Er drehte sich um. Der Junge, den der Grenzer kurz zuvor weggeschickt hatte, stand vor ihm und hielt ihm ein Bündel hin.
»Nehmen Sie, Herrscher ...«
»Ich brauche eure Geschenke nicht«, sagte Viktor müde. »Bring das deinem Vater. Hast du verstanden?«
»Herr, nehmt es, sonst bringt er mich um.«
Alle Achtung, das war keine rhetorische Wendung. In den Augen des Jungen lag Furcht.
»Was ist das?«, lenkte Viktor ein.
»Eine Jacke, Herr. Ihr habt doch eine Jacke für Euch gesucht.«
Viktor rollte schweigend das Bündel auseinander und befühlte den schwarzen Stoff.
Aber war das Stoff?
Das Material glich am ehesten einer Fischhaut. Einer schwarzen Fischhaut, mit Schuppen in der Größe einer Kinderhand. Das Innenfutter bestand aus kurzhaarigem, ebenfalls schwarzem Pelz. Und ganz gleich, wie Viktor zu der unerbetenen, heftigen Liebe des Grenzers stand, die Jacke war einfach großartig. Sie schien Wärme ebenso wie Schutz vor Wind und Regen, ja sogar vor einem verräterischen Schlag zu versprechen.
»Danke«, sagte er schließlich und kämpfte mit der Versuchung, sie sogleich überzuziehen. »Was schulde ich dir?« Der Junge schwieg erschrocken und schüttelte den Kopf.
»Na gut. Danke noch mal. Aber jetzt könnt ihr gehen, verstanden?
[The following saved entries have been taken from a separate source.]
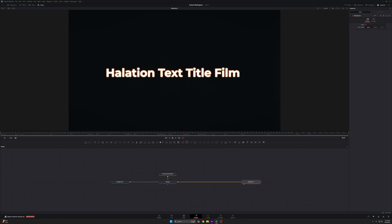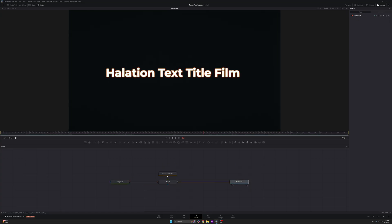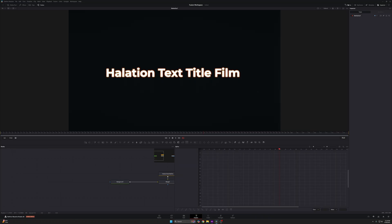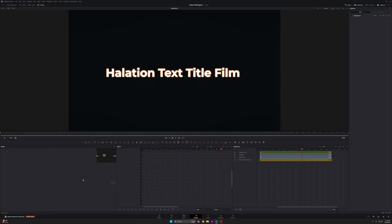Your Fusion probably looks something like this, where you have your program right here — this is your media out — and your node tree goes from left to right, where you have your first node, anything in between, and then your media out. That's just how Fusion comes when you load it up for the first time. You load up your spline, keyframes and stuff like this, it all shows up down here. But this just doesn't work very well, because if you want to have more space it's just not optimal.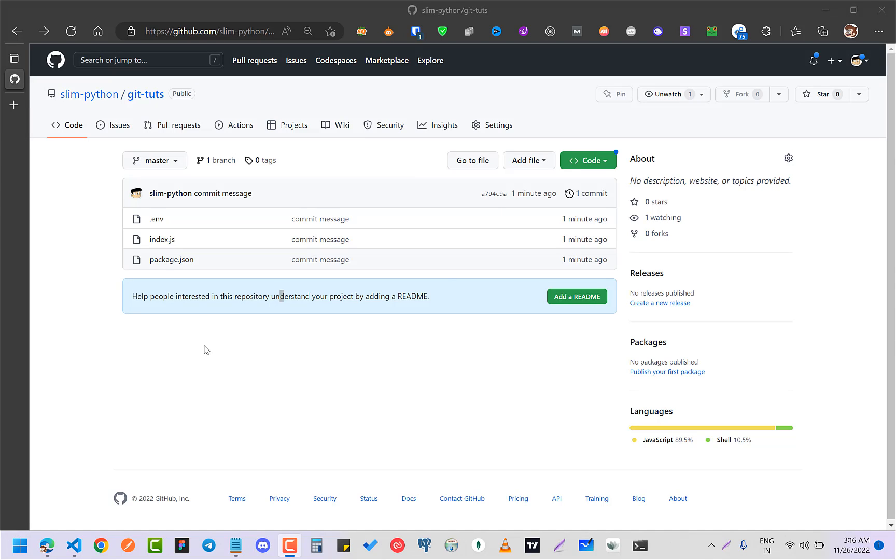Hey guys, how you all doing? In this really quick video I'm going to show you how you can remove any kind of sensitive information or any kind of password or anything from your public GitHub repository.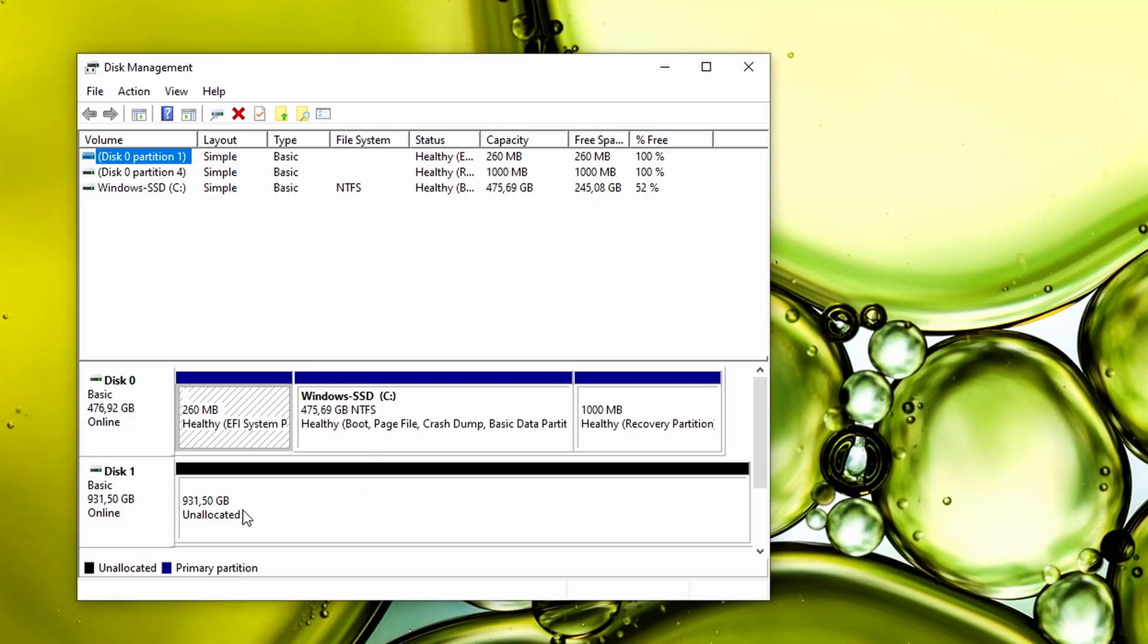If everything went according to plan with the SSD installation, you should get a pop-up that asks you to initialize your newly installed SSD.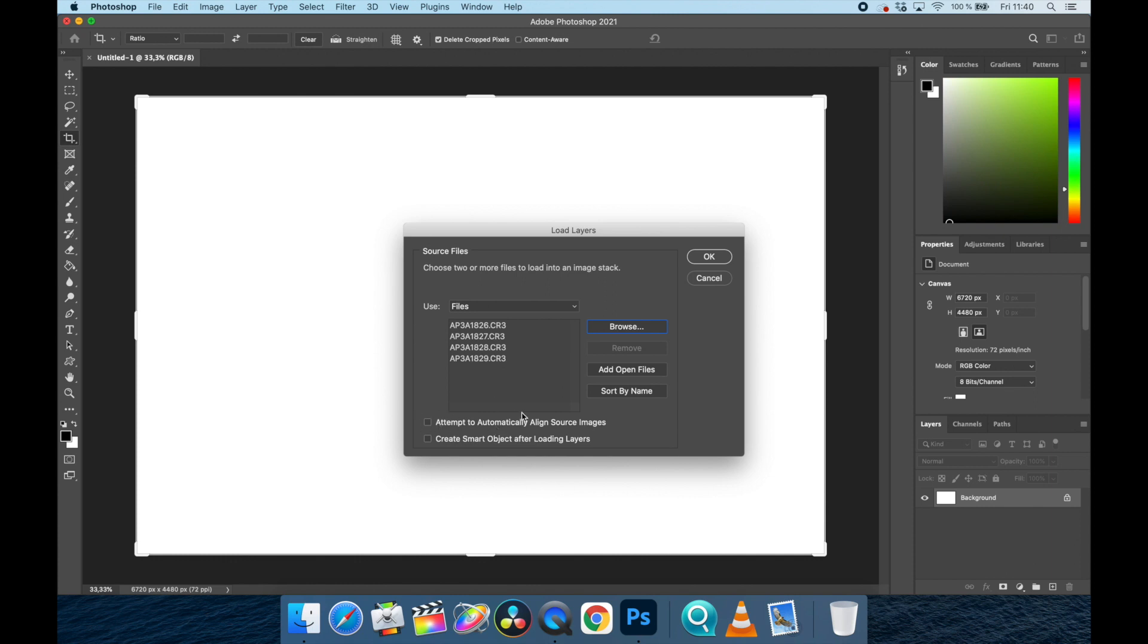Do not forget to push auto-align source. Yeah, there's two things down here. Auto-align source and create smart object after loading in layers. You don't necessarily have to do that second one, but the aligning one is because if you bump the camera in one of the shots or push the button too hard the second time, then maybe the edges don't line up quite right. This will make it so much easier for you.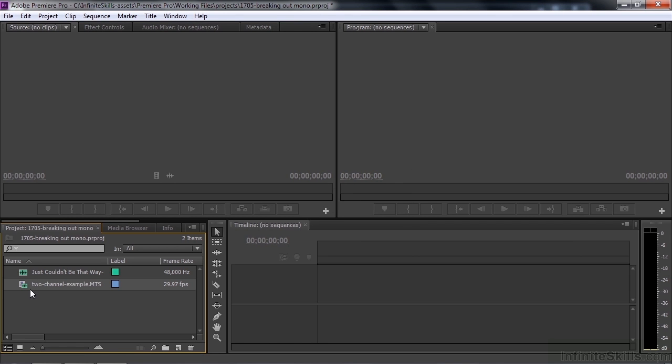I brought this clip in because it's representative of how a lot of people shoot video these days. Many camcorders record audio into separate monaural channels within the same audio-video file. Then later you want to break out those monaural channels as you do your editing.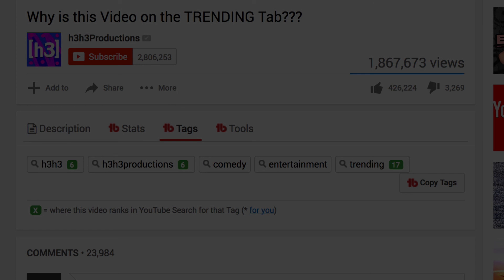If you found this useful, hit the subscribe button here and click here for my advanced guide to YouTube tagging. And click here for my playlist of quick tips, which includes two of YouTube's most brand new features. Speak to you soon.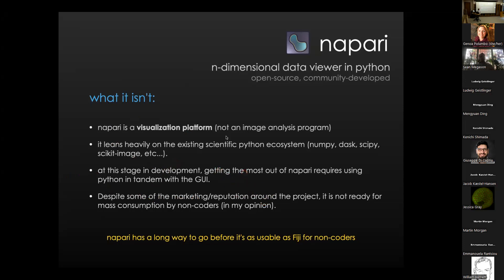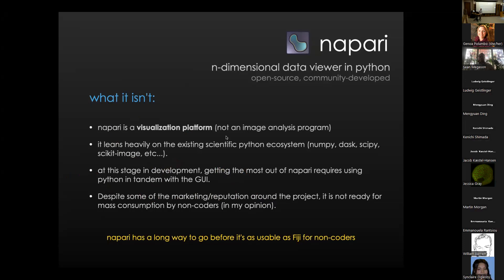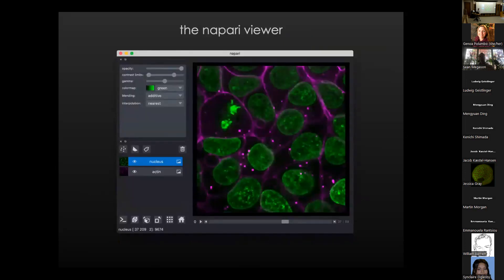Getting the most out of Napari at this stage does require using Python in tandem with the GUI. One will get much more out of it if they're able to get their hands dirty a little bit in the code, and they'll be frustrated if they can't. Despite some of the marketing around the project, it's not ready for mass consumption by non-coders in my opinion, and it's got a long way to go before it's sort of Fiji, but just for Python. Let me give you a quick tour of what it looks like and the principal components.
Sag deinem Vater, dass wir quitt sind, ich bin ihm sehr dankbar und so weiter ...«
Ohne auf eine Antwort zu warten, drehte er sich um und betrat eilig den Bahnhof. Er stand in einem kleinen Saal, wo vermutlich der Fahrkartenverkauf stattfand. Jedenfalls gab es dort zwei Schalter, hinter jedem langweilte sich offenkundig eine Frau unbestimmten Alters; auf den hölzernen Bänken schliefen zerknitterte Gestalten - entweder Menschen, die wie Gnome, oder Gnome, die nach Menschen aussahen; unter der Decke schaukelte leicht ein staubiger Lüster vor sich hin.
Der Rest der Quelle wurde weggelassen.